Pictures are to be left out, and the rest of the records reproduced exactly.

(Scraped caption text data)

►

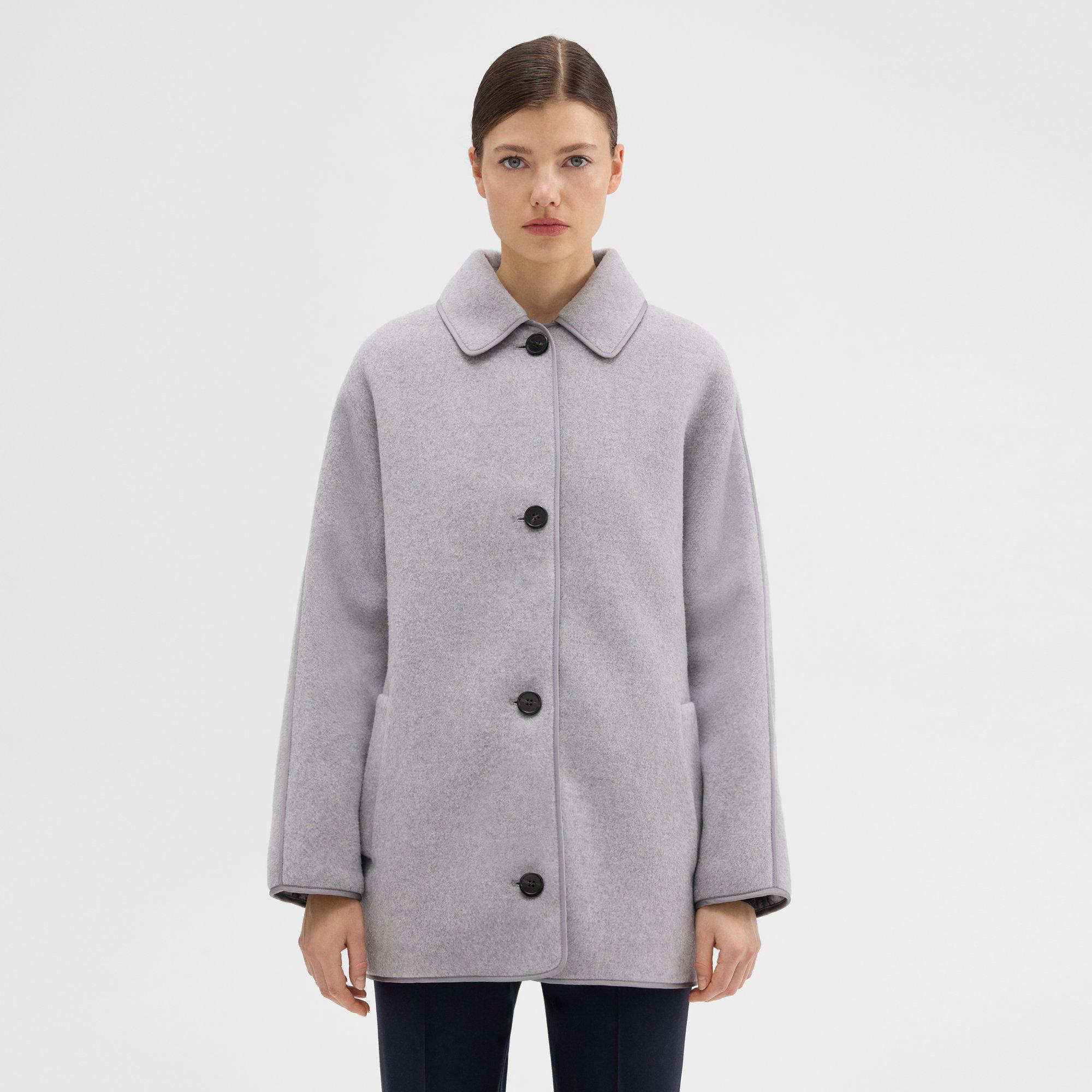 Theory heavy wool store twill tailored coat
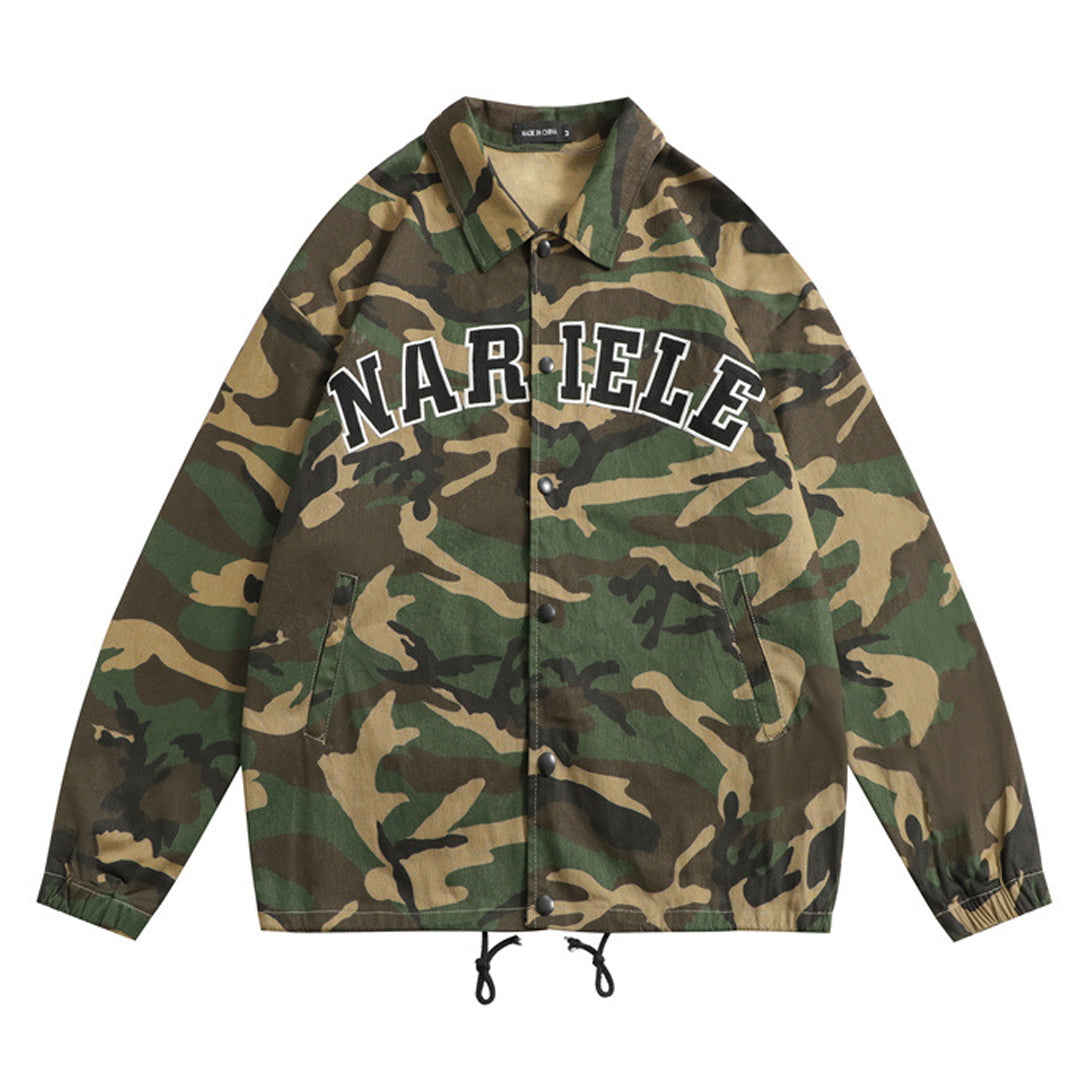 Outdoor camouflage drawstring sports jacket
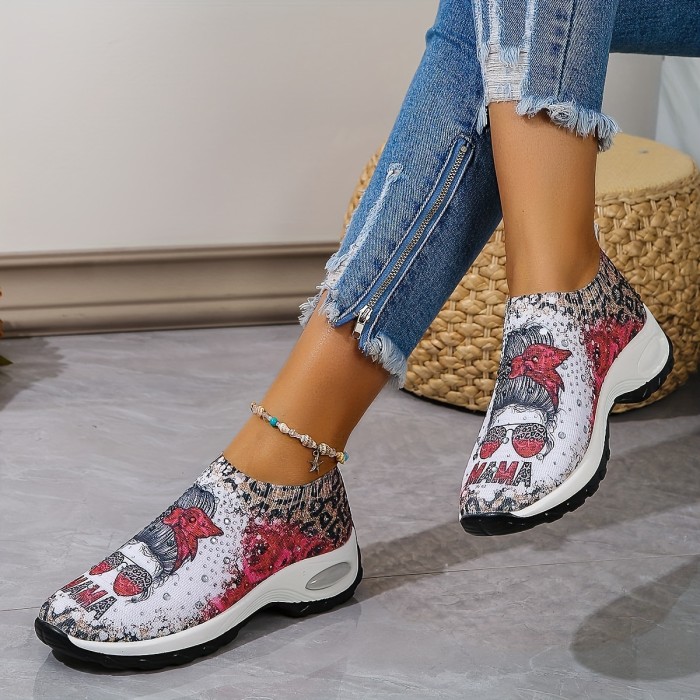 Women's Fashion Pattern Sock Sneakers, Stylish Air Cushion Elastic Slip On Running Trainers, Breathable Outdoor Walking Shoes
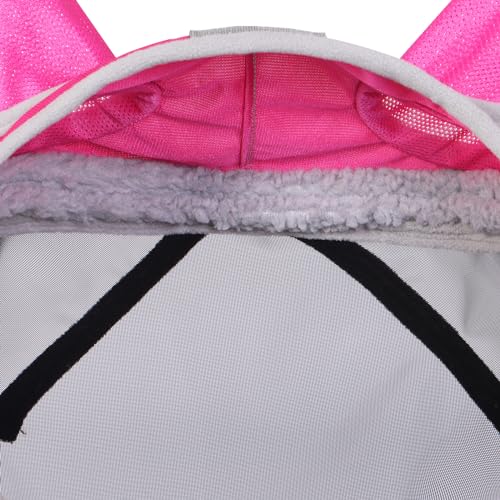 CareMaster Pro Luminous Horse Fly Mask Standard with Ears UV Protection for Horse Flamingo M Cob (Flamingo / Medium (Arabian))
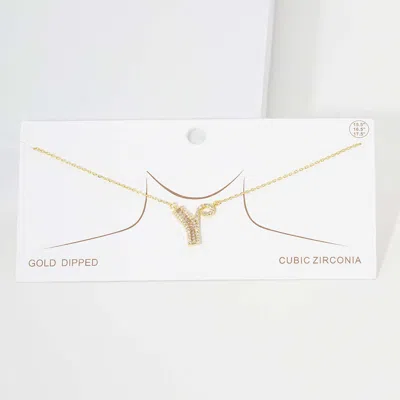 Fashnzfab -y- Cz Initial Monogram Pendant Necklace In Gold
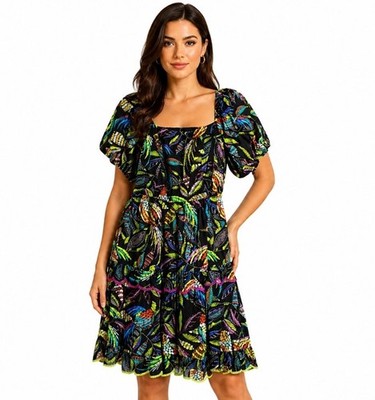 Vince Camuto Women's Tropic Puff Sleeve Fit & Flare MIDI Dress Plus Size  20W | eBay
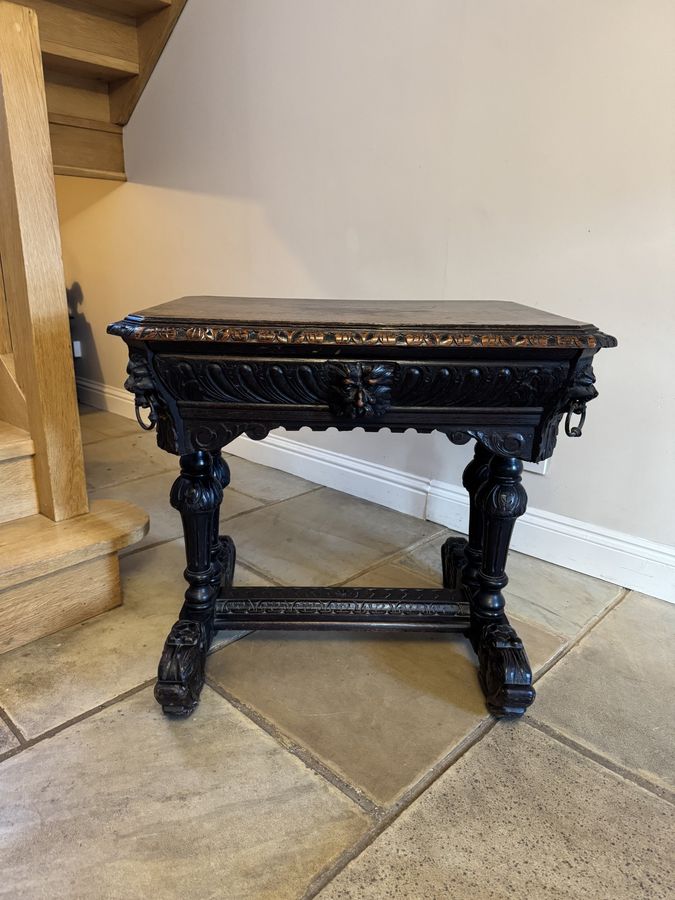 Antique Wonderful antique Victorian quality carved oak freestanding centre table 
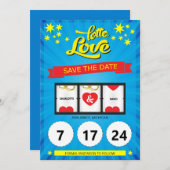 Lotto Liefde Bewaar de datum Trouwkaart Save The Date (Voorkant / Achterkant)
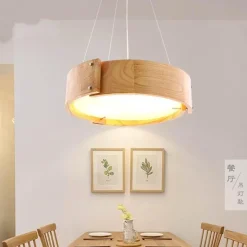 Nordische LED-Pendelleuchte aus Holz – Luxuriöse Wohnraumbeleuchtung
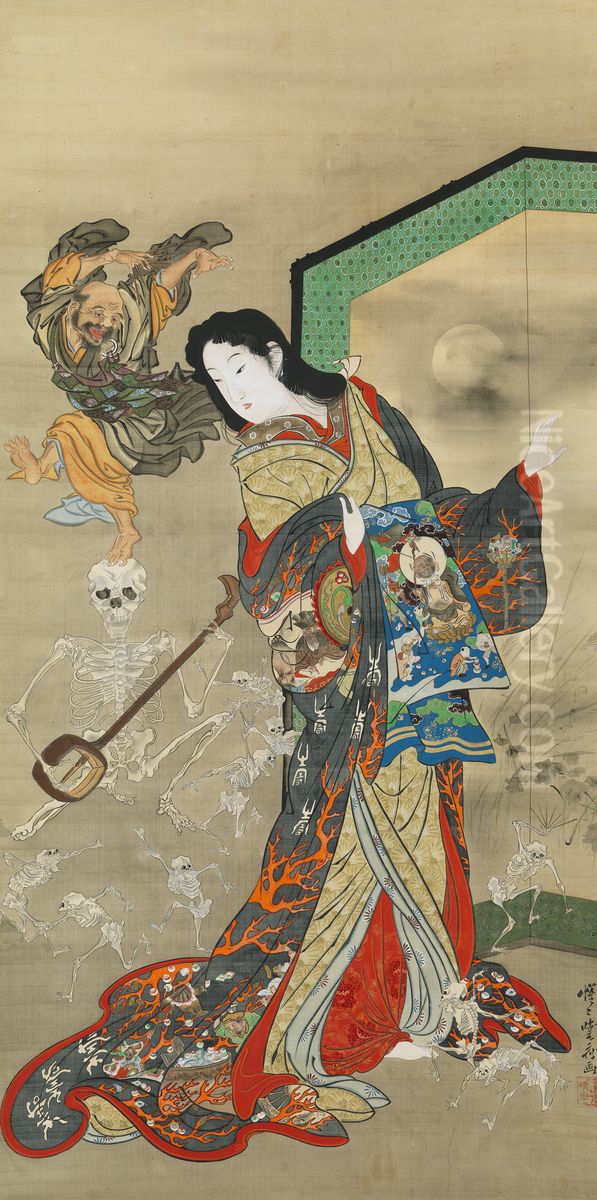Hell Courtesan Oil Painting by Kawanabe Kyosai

◄

### ANSWER TO THE PROBLEM:
 Theory heavy wool store twill tailored coat
 Outdoor camouflage drawstring sports jacket
 Women's Fashion Pattern Sock Sneakers, Stylish Air Cushion Elastic Slip On Running Trainers, Breathable Outdoor Walking Shoes
 CareMaster Pro Luminous Horse Fly Mask Standard with Ears UV Protection for Horse Flamingo M Cob (Flamingo / Medium (Arabian))
 Fashnzfab -y- Cz Initial Monogram Pendant Necklace In Gold
 Vince Camuto Women's Tropic Puff Sleeve Fit & Flare MIDI Dress Plus Size  20W | eBay
 Antique Wonderful antique Victorian quality carved oak freestanding centre table 
 Lotto Liefde Bewaar de datum Trouwkaart Save The Date (Voorkant / Achterkant)
 Nordische LED-Pendelleuchte aus Holz – Luxuriöse Wohnraumbeleuchtung
Hell Courtesan Oil Painting by Kawanabe Kyosai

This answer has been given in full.